▶ [Dataset excerpts]
-=-=-

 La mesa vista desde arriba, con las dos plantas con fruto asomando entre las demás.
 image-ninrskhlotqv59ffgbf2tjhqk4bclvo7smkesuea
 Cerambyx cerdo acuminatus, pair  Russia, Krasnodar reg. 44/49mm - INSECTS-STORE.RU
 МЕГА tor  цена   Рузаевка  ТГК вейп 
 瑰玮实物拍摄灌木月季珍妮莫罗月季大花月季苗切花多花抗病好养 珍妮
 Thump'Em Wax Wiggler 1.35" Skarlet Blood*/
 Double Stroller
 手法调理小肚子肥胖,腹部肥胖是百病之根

-=-=-

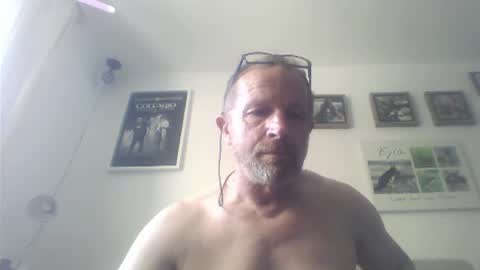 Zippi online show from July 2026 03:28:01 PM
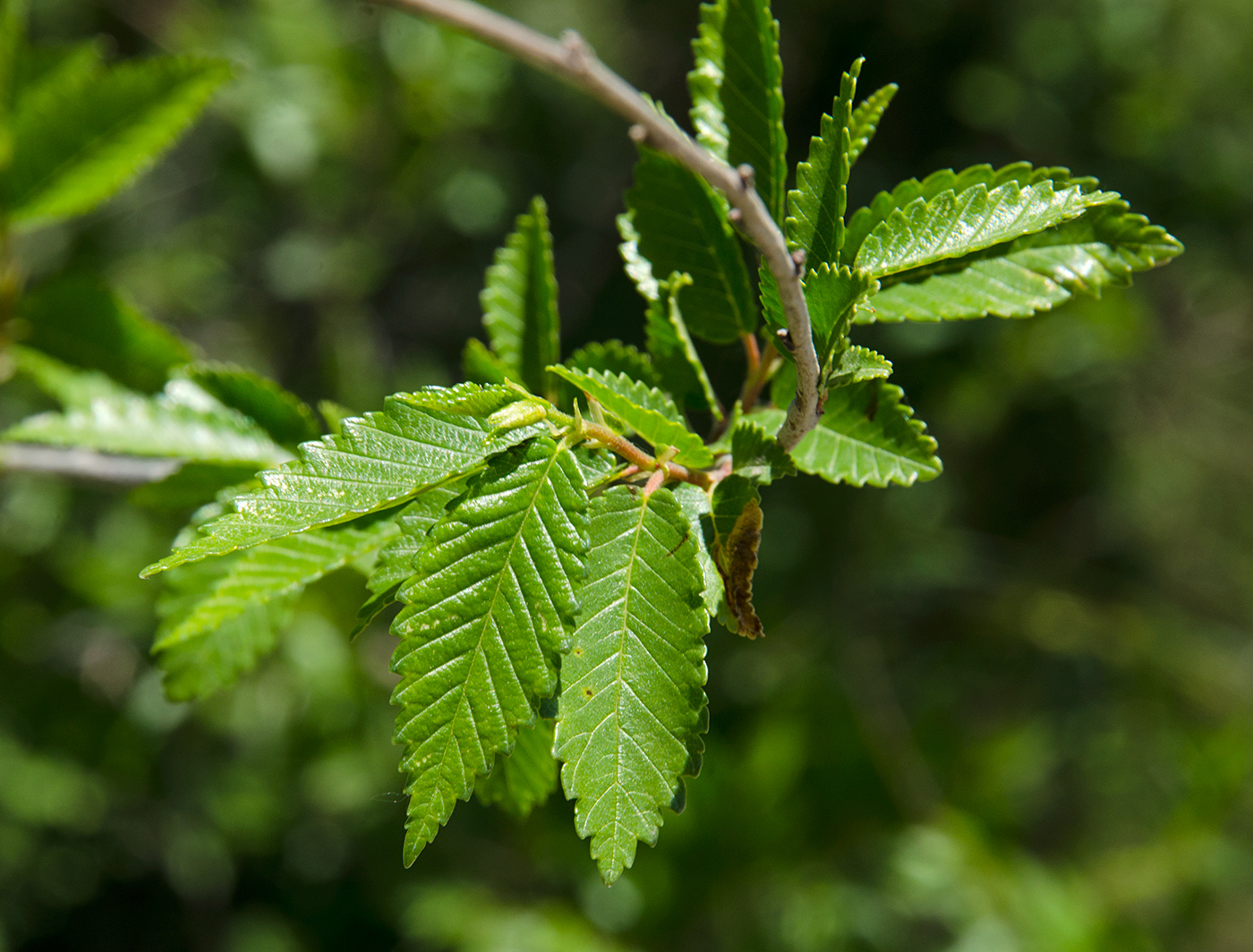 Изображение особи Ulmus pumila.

-=-=-

▶ [Task requirements] For this exercise, repeat exactly the lines of the data above from the one with "Thump'Em Wax Wiggler" down to the one with "手法调理小肚子肥胖,腹部肥胖是百病之根", both end lines included.

▶ [Finished task]
 Thump'Em Wax Wiggler 1.35" Skarlet Blood*/
 Double Stroller
 手法调理小肚子肥胖,腹部肥胖是百病之根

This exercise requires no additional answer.